◆ What you have to do ◆
Once the line containing "Prednji verižnik AFAM" is found in the entries below, reproduce it and every line after it, stopping at and including the line containing "bachanawab61"; reproduce nothing else, and keep each line exact.

____ Extracted records

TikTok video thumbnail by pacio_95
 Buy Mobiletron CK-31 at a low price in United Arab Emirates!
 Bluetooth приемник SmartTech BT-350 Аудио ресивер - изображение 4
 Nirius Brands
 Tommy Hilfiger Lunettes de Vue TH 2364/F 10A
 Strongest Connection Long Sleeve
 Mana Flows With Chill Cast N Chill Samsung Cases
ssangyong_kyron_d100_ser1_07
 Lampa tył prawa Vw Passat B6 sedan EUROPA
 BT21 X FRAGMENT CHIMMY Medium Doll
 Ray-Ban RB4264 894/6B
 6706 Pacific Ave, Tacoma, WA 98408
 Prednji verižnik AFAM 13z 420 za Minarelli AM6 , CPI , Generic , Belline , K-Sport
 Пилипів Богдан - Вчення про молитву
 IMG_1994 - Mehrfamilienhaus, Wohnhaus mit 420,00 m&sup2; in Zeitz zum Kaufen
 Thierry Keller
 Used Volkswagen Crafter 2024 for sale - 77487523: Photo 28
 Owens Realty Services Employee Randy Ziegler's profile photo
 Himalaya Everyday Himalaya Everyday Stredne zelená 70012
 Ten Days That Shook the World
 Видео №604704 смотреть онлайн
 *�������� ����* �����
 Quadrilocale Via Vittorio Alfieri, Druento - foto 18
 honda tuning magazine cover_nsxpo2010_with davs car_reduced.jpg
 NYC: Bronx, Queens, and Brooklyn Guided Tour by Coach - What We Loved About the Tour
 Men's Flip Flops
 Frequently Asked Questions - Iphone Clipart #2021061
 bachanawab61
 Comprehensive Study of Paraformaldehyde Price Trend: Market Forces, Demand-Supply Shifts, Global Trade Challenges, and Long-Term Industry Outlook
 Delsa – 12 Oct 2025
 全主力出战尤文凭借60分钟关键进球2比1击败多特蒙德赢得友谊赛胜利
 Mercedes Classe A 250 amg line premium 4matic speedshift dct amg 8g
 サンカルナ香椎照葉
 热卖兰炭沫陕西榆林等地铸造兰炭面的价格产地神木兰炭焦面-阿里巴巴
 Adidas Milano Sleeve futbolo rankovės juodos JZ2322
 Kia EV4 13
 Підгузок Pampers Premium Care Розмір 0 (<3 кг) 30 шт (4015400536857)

________

◆ Output for this task ◆
 Prednji verižnik AFAM 13z 420 za Minarelli AM6 , CPI , Generic , Belline , K-Sport
 Пилипів Богдан - Вчення про молитву
 IMG_1994 - Mehrfamilienhaus, Wohnhaus mit 420,00 m&sup2; in Zeitz zum Kaufen
 Thierry Keller
 Used Volkswagen Crafter 2024 for sale - 77487523: Photo 28
 Owens Realty Services Employee Randy Ziegler's profile photo
 Himalaya Everyday Himalaya Everyday Stredne zelená 70012
 Ten Days That Shook the World
 Видео №604704 смотреть онлайн
 *�������� ����* �����
 Quadrilocale Via Vittorio Alfieri, Druento - foto 18
 honda tuning magazine cover_nsxpo2010_with davs car_reduced.jpg
 NYC: Bronx, Queens, and Brooklyn Guided Tour by Coach - What We Loved About the Tour
 Men's Flip Flops
 Frequently Asked Questions - Iphone Clipart #2021061
 bachanawab61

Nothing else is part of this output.